I think you are misunderstanding the nature of jhanas. In your defense, this is a mistake made by almost everyone on a certain stage.
You think jhanas are some concrete states that are specific and can be recognized, that all people must go through same exact experiences on their way to nirvana/enlightenment. That the final Liberation is also something very concrete. Alas, those are all wishful simplifications.
Real-life experiences are a lot more fluid and variegated. That's one, and two, as you get more and more enlightened you realize more and more clearly that labels are mere labels and that in real life everything "it depends".
So, the jhanas are not something mighty specific that can be entered, that's bullshit (pardon my language). Jhanas are approximate phases in your mastery of your emotional intelligence, mastery of mind. You don't sit for 12 hours straight staring at the wall and then boom! you're in jhana, no. Instead, you must learn to analyze and condition the state of your mind.
Specifically, you learn what makes you sad and glad, and how to make yourself joyful and motivated. You discover your inner pre-logical core and learn to reconnect with it. You learn to puncture through noise of thoughts and into the inner clarity. You discover first-hand how your mind's association and interpretation circuitry works. You master the connection between your interpretations and your emotions. You understand the power of context, the power of comparison, the role of reference point in evaluation. You learn to juggle contexts. You can freely enter and exit the contexts of other people.

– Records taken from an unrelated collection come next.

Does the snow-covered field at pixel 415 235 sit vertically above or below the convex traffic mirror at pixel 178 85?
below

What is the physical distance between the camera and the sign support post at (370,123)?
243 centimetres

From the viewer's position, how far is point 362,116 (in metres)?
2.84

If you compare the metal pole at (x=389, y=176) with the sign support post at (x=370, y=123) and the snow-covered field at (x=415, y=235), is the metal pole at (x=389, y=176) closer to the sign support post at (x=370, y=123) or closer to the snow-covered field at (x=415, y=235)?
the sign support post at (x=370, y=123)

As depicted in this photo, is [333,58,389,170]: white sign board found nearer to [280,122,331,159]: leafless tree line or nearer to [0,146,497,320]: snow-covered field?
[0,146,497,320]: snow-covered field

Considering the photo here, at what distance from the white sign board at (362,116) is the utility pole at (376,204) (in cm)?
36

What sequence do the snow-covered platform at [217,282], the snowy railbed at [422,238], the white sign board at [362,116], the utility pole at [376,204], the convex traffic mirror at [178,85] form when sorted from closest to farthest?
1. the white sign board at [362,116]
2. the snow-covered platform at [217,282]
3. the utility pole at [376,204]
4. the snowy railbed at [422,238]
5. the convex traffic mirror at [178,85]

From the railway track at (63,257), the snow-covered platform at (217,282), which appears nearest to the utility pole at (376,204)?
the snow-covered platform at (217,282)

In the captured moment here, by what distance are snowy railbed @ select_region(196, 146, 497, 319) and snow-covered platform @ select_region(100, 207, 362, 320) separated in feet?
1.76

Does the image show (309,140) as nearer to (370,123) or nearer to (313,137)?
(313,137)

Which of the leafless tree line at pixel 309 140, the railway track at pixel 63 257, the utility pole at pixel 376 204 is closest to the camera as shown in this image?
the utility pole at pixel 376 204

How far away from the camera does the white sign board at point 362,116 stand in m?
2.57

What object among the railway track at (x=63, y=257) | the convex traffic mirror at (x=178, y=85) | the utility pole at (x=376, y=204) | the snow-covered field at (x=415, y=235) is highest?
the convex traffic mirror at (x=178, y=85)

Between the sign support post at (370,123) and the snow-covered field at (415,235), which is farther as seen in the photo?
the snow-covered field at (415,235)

Mastering all this makes you very even-handed. You are no longer carried away by your emotions. First, you have to apply effort to keep your emotions steady and stable in the moments of frustration or challenge, but with time you get rather steady even without much effort, things don't disturb you as much. You can go through difficult life situations without getting overwhelmed.
Because you are no longer overwhelmed by your emotions and no longer bounded by your mental contexts, you are not obsessed with your problems, you can actually see and hear other people's problems from their sides.
Then eventually you get to the existential questions like the meaning of life, the death, the happiness and suffering, karma - and you begin to see it rather clearly. It gets pretty clear, how things work.
That's what this training is about. You don't have to sit until your ass falls off. The point is not in sitting, it's in what you are sitting about. Mental and emotional untangling. And half of that work (if not more) is done off the cushion.
It is serious, hard, non-trivial, but deeply rewarding, process of discovery and mastery. Not some childish fantasy. But in the end it's much more cool - and real - than any fiction.
So the First Jhana, is when you learn to make yourself joyful at will using auto-suggestions, recollections, deliberate thinking on appropriate topics. That's it. Magic!
The Second Jhana, is when you can do the above then stop and keep joyful and energized, optimistic and confident without the auto-suggestions, for as long as you stay awake that day.
The Third Jhana is almost same as above but more refined, without the show-off marching parade function of joy. You can stay lucid, calm, emotionally sober, peaceful, harmonious - all day long, without auto-suggestions - just by maintaining your inner balance.
And the Fourth Jhana is pure judgement-free awareness. Whatever is going on, externally or internally, you can stay judgement-free, not qualifying any experience as good or bad. Unperturbed, immovable like a mountain. Clear like water. Transparent like space. Everything is just the way it is, and not a tad different.
This is all real - and practically useful - stuff, not sitting and wishing for some fictional inner sun to shine.